MIAF against Gamboa virus and MIS against mosquito antigens were included as negative controls. Mean and standard deviation of 2 replicates are reported.

In contrast to the results obtained with EILV/CHIKV, CLA could only be detected by the polyclonal sera (Fig 1B). In addition, the OD values obtained with polyclonal sera ranged from 0.1–2.7 and were significantly lower at all dilutions (p<0.05).

Utilization of the EILV/CHIKV as antigen to detect human IgM and IgG in capture ELISA

EILV/CHIKV antigen was assessed as a diagnostic reagent in a capture ELISA format. IgM- and IgG-capture ELISAs were performed with acute serum samples collected 8 days post-fever onset from patients with RT-PCR-confirmed CHIKV infection. Samples positive for DENV or VEEV (IAB subtype) but negative for CHIKV by HI were utilized as negative controls. Serum samples were diluted from 1:50 to 1:51,200 and added to IgM- or IgG-capture plates followed by the addition of EILV/CHIKV. Antigen was detected with mouse CHK-175 mAb. Anti-CHIKV IgM was readily detected with OD values ranging from 0.23–3.0, whereas the negative controls yielded a mean OD value of 0.09 (Fig 2A). Signal-to-noise ratios ranged from 2–45:1 for all dilutions except 1:51,200. Anti-CHIKV IgG was also readily detected with OD values ranging from 1.6–2.6, with negative controls yielding a mean OD value of 0.09 (Fig 2B). Signal-to-noise ratios ranged from 24–39:1. No cross-reactivity was observed in either IgM- or IgG-capture ELISAs with anti-VEEV or-DENV human serum.
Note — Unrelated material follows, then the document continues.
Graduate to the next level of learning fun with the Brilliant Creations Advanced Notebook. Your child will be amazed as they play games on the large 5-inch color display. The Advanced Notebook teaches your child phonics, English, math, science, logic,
Fig 2. Human anti-CHIKV antibody-capture ELISAs utilizing EILV/CHIKV as antigen to detect either (A) IgM or (B) IgG antibodies (both measured over a range of serum dilutions, red).

Human serum samples that were antibody-positive for either DENV or VEEV but negative for CHIKV by HI were included as negative controls. Mean and standard deviations of 2 replicates are reported.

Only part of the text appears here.